GCT-PDB is a rare phenomenon occurring mainly in polyostotic PDB and is associated with more severe manifestations of the disease. The management is challenging and requires multimodality management. Pharmacological agents include use of bisphosphonates and RANK ligand inhibitor - denosumab. Although surgery is the mainstay of treatment for GCT, other modalities of treatment such as RANK ligand inhibitors (denosumab), selective arterial embolization, or radiation therapy has to be used for inoperable cases or where surgery would be functionally too morbid, especially in cases of GCT-PDB where the disease affects more commonly the axial skeleton.

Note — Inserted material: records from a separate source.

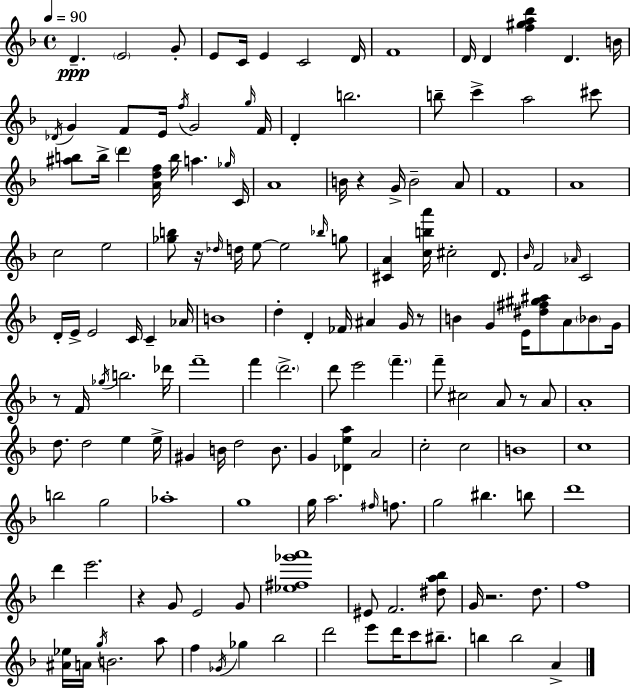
{
  \clef treble
  \time 4/4
  \defaultTimeSignature
  \key d \minor
  \tempo 4 = 90
  d'4.--\ppp \parenthesize e'2 g'8-. | e'8 c'16 e'4 c'2 d'16 | f'1 | d'16 d'4 <f'' gis'' a'' d'''>4 d'4. b'16 | \break \acciaccatura { des'16 } g'4 f'8 e'16 \acciaccatura { f''16 } g'2 | \grace { g''16 } f'16 d'4-. b''2. | b''8-- c'''4-> a''2 | cis'''8 <ais'' b''>8 b''16-> \parenthesize d'''4 <a' d'' f''>16 b''16 a''4. | \break \grace { ges''16 } c'16 a'1 | b'16 r4 g'16-> b'2-- | a'8 f'1 | a'1 | \break c''2 e''2 | <ges'' b''>8 r16 \grace { des''16 } d''16 e''8~~ e''2 | \grace { bes''16 } g''8 <cis' a'>4 <c'' b'' a'''>16 cis''2-. | d'8. \grace { bes'16 } f'2 \grace { aes'16 } | \break c'2 d'16-. e'16-> e'2 | c'16 c'4-- aes'16 b'1 | d''4-. d'4-. | fes'16 ais'4 g'16 r8 b'4 g'4 | \break e'16 <dis'' fis'' gis'' ais''>8 a'8 \parenthesize bes'8 g'16 r8 f'16 \acciaccatura { ges''16 } b''2. | des'''16 f'''1-- | f'''4 \parenthesize d'''2.-> | d'''8 e'''2 | \break \parenthesize f'''4.-- f'''8-- cis''2 | a'8 r8 a'8 a'1-. | d''8. d''2 | e''4 e''16-> gis'4 b'16 d''2 | \break b'8. g'4 <des' e'' a''>4 | a'2 c''2-. | c''2 b'1 | c''1 | \break b''2 | g''2 aes''1-. | g''1 | g''16 a''2. | \break \grace { fis''16 } f''8. g''2 | bis''4. b''8 d'''1 | d'''4 e'''2. | r4 g'8 | \break e'2 g'8 <ees'' fis'' ges''' a'''>1 | eis'8 f'2. | <dis'' a'' bes''>8 g'16 r2. | d''8. f''1 | \break <ais' ees''>16 a'16 \acciaccatura { g''16 } b'2. | a''8 f''4 \acciaccatura { ges'16 } | ges''4 bes''2 d'''2 | e'''8 d'''16 c'''8 bis''8.-- b''4 | \break b''2 a'4-> \bar "|."
}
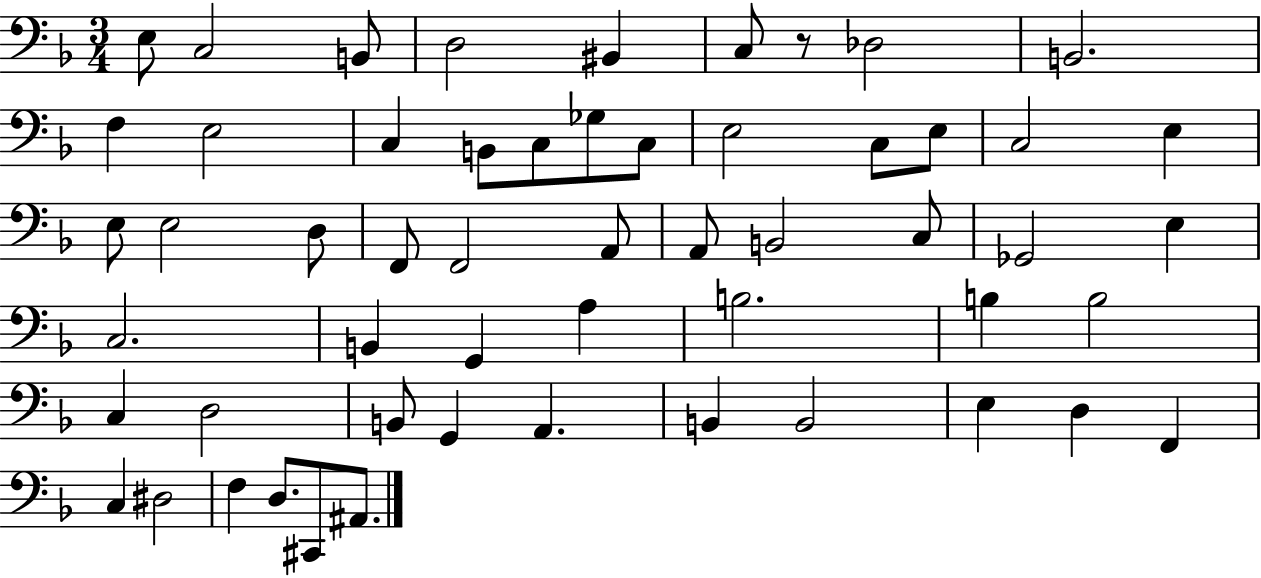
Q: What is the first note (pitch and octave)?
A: E3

骨佩吉特病(PDB)是一种好发于老年人的疾病,其特征为骨重塑紊乱。PDB 继发肿瘤是一种已知但罕见的现象。PDB 中发生巨细胞瘤(GCT-PDB)极为罕见,对其病因发病机制和治疗知之甚少。我们报告一例此类病例,并回顾文献以及各种新治疗方式在这种罕见疾病管理中的作用。
一名 40 岁男性因背痛就诊,经评估诊断为多骨型 PDB。他接受了静脉注射双膦酸盐、钙剂和维生素 D 补充剂治疗。在无症状的 3 年后,他出现了累及髂骨和骶骨的臀肌肿块,活检确诊为 GCT。尝试了系列血管栓塞术,但肿块仍进展,因此进行了手术,切除并刮除病变。2 年后他出现局部复发,伴有大量软组织成分。开始使用地诺单抗(一种 RANKL 抑制剂),目的是降低病变分期。患者在 6 次给药后显示出良好反应,软组织肿块缩小,随后接受了部分 T-1 型内部半骨盆切除术和骶骨刮除术。目前,患者在 15 个月的随访中无症状。
GCT-PDB 是一种罕见现象,主要发生在多骨型 PDB 中,且与该疾病更严重的表现相关。其治疗具有挑战性,需要多模式管理。药物治疗包括使用双膦酸盐和 RANK 配体抑制剂——地诺单抗。虽然手术是 GCT 的主要治疗方法,但对于无法手术的病例或手术会导致功能严重受损的情况,尤其是在 GCT-PDB 中疾病更常累及中轴骨骼的病例,必须使用其他治疗方式,如 RANK 配体抑制剂(地诺单抗)、选择性动脉栓塞或放射治疗。